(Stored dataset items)
Content starts

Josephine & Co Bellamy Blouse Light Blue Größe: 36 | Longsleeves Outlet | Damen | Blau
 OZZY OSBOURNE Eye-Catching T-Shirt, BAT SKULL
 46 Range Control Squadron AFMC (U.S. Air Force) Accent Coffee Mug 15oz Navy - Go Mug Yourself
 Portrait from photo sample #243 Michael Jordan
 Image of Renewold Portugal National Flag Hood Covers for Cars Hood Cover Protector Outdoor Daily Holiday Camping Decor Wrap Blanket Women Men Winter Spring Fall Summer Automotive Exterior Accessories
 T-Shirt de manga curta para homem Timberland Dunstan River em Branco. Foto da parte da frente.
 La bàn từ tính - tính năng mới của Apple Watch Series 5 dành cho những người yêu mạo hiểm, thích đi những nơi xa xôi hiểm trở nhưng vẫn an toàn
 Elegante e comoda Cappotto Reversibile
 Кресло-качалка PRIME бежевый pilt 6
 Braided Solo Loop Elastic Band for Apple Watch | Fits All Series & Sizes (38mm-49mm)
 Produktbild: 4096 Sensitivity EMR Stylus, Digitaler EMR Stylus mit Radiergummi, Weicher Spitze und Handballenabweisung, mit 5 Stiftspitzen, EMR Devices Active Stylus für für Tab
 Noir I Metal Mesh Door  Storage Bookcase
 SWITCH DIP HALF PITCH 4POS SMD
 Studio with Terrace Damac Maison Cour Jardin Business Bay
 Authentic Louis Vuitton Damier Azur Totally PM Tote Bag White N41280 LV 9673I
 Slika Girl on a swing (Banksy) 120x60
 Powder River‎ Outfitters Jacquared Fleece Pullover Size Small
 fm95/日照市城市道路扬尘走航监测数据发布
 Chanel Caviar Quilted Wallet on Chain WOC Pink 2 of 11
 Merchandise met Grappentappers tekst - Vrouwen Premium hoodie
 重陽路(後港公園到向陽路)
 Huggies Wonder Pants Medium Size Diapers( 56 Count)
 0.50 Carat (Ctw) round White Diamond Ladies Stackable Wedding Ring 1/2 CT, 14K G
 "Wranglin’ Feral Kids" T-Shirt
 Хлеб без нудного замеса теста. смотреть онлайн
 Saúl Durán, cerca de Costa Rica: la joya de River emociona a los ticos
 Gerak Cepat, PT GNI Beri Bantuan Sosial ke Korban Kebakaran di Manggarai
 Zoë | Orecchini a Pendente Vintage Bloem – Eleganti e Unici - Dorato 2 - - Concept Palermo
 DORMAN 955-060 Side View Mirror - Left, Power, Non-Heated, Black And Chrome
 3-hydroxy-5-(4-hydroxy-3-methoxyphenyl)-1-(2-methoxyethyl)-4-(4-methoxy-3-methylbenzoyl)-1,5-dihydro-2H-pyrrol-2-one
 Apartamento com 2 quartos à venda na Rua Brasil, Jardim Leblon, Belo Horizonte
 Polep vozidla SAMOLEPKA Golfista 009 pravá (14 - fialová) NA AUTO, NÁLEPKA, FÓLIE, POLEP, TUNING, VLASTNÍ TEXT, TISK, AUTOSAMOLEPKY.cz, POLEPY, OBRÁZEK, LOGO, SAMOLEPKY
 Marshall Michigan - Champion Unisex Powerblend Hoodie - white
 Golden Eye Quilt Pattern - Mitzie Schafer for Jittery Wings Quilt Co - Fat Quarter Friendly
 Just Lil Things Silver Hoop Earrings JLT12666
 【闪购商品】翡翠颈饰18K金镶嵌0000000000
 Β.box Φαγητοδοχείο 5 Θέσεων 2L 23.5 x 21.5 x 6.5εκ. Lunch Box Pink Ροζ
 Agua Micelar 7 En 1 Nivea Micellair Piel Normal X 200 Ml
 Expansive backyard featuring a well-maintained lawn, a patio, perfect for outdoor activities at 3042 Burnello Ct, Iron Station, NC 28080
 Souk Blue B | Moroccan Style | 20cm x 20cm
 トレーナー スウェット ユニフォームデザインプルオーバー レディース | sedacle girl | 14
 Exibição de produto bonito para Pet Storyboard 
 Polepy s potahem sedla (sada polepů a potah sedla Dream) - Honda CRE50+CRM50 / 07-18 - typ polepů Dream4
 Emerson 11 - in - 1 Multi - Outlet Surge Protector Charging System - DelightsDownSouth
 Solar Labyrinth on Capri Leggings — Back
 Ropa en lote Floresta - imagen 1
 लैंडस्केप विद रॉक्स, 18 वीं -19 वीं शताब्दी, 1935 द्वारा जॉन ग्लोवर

Content ends

• _Your instructions_: Take every line from the data that contains the word "River".

• _Result for this task_:
 T-Shirt de manga curta para homem Timberland Dunstan River em Branco. Foto da parte da frente.
 Powder River‎ Outfitters Jacquared Fleece Pullover Size Small
 Saúl Durán, cerca de Costa Rica: la joya de River emociona a los ticos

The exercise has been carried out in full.